Exercise data |
# # # #
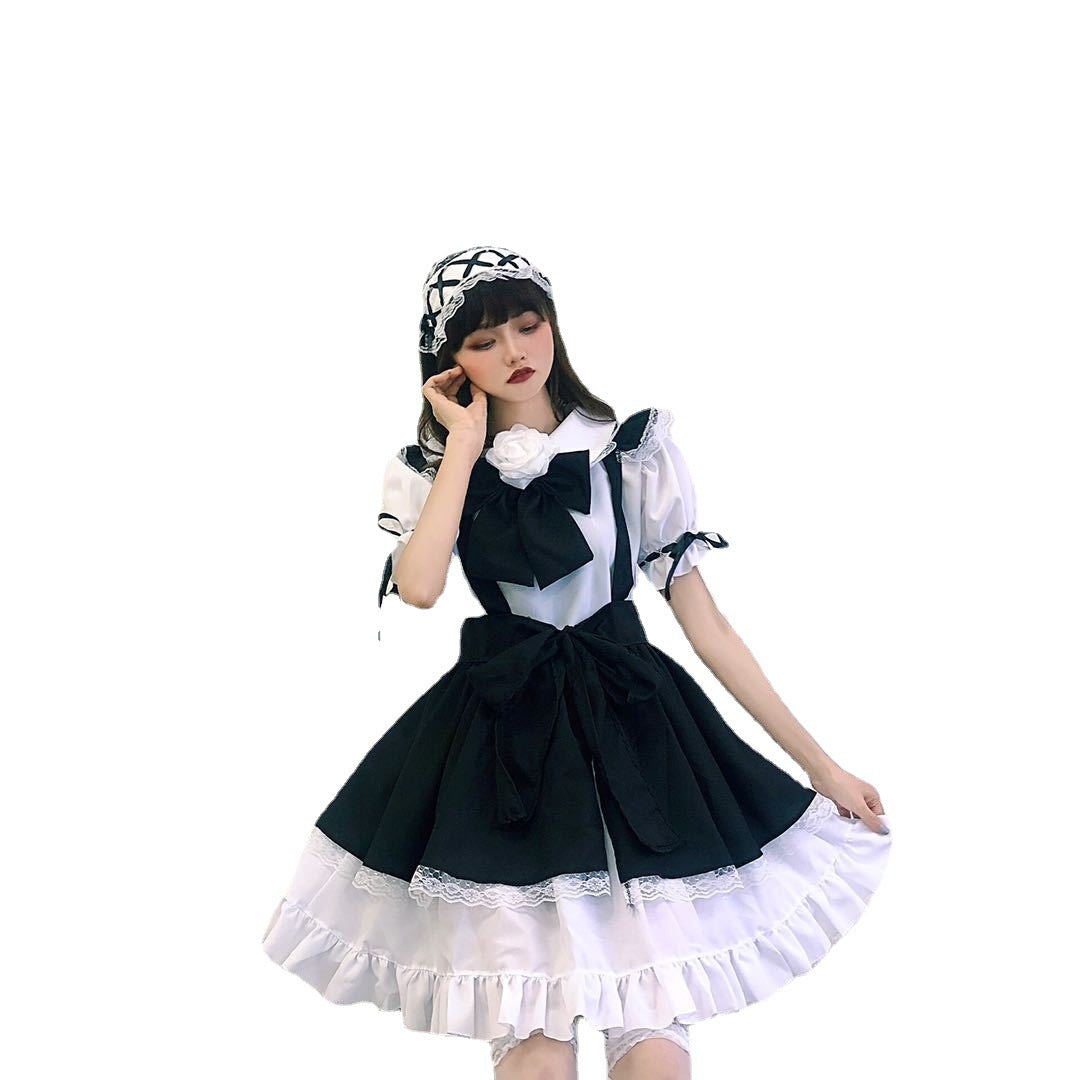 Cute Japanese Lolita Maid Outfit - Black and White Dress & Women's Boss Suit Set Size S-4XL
# # # #
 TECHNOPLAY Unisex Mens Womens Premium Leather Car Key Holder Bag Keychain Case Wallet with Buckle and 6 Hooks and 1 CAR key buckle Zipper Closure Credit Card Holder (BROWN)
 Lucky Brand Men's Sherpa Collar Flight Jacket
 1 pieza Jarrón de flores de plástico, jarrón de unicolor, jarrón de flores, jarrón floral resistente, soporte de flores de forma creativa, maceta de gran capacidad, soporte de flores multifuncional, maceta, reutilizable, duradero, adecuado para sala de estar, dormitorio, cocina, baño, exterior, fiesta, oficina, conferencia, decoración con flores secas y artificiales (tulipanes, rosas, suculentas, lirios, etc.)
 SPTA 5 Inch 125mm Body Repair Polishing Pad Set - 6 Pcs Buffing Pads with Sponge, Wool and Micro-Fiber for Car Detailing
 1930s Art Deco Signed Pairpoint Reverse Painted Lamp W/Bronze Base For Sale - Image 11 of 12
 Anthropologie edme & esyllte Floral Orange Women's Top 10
# # # #
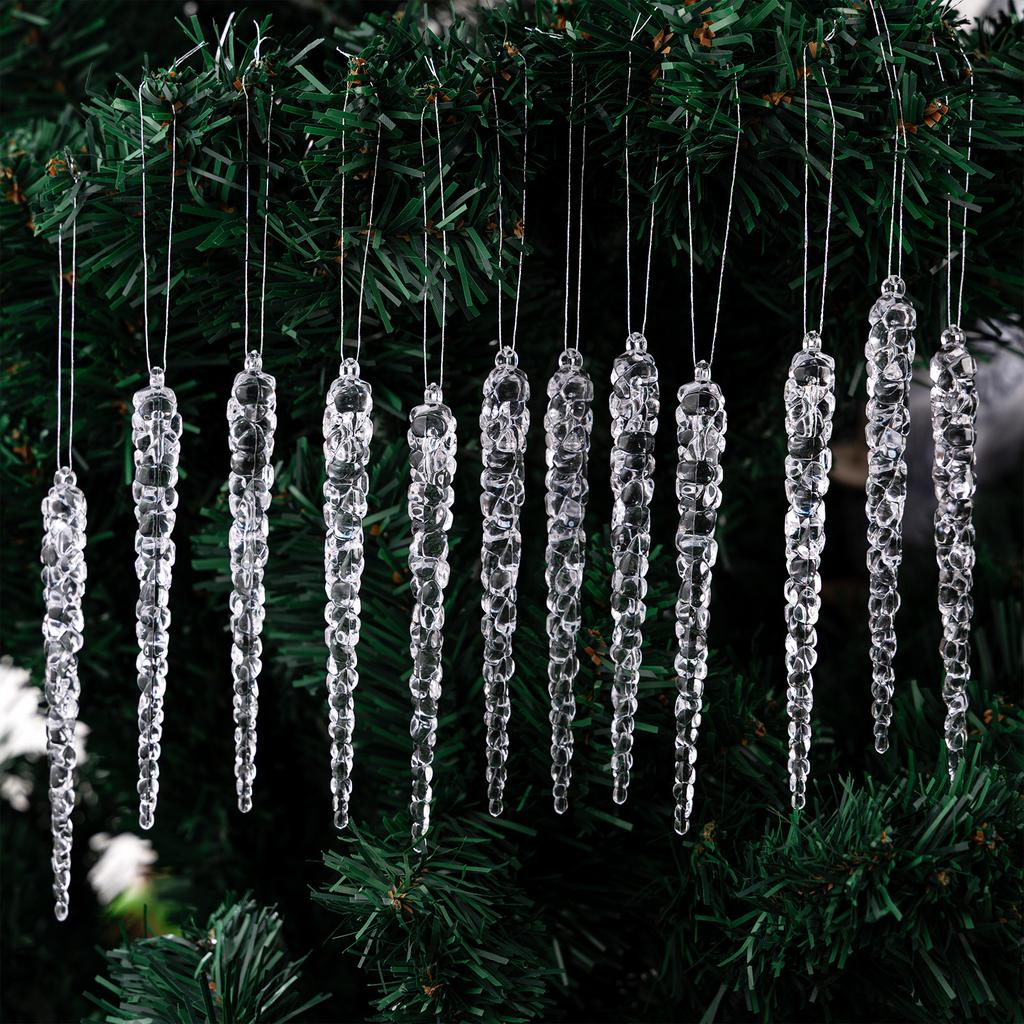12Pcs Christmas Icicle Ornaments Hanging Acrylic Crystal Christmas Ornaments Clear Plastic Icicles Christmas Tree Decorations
# # # #
What to work on | Return exactly, and only, the lines above starting at the line that contains "1930s Art Deco" and ending at the line that contains "Anthropologie edme &".

Response to the exercise |
 1930s Art Deco Signed Pairpoint Reverse Painted Lamp W/Bronze Base For Sale - Image 11 of 12
 Anthropologie edme & esyllte Floral Orange Women's Top 10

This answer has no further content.